___ STUDY MATERIAL
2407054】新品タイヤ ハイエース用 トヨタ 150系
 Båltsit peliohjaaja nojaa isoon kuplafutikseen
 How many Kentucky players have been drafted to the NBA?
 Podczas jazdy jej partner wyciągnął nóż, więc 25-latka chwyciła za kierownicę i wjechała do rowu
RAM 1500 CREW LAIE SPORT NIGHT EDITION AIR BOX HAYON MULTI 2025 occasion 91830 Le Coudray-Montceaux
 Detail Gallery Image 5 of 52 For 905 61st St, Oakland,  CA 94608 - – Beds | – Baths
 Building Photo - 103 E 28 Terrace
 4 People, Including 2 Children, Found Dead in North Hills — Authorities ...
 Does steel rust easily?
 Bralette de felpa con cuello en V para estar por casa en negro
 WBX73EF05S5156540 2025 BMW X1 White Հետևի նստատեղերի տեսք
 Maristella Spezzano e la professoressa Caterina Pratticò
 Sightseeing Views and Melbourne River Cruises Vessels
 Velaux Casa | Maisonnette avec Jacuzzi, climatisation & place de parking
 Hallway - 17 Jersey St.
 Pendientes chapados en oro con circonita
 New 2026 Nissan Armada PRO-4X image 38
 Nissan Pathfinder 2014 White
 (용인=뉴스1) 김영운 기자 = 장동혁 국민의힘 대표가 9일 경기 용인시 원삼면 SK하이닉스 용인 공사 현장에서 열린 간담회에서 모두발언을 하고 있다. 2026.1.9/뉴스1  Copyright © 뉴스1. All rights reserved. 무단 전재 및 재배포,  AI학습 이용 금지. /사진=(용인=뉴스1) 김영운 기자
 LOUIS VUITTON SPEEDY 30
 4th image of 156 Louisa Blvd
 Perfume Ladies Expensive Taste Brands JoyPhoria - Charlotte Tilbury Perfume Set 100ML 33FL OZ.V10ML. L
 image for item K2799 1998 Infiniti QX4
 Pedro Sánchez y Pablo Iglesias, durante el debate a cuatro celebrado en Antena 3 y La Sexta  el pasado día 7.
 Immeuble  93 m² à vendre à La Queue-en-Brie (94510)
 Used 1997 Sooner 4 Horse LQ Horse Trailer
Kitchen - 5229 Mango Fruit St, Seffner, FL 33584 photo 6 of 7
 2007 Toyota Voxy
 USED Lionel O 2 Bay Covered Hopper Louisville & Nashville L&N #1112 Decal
______
▸ ASSIGNMENT: Please find every line in the records that contains the word "Nissan", and copy it out.

▸ YOUR RESPONSE:
 New 2026 Nissan Armada PRO-4X image 38
 Nissan Pathfinder 2014 White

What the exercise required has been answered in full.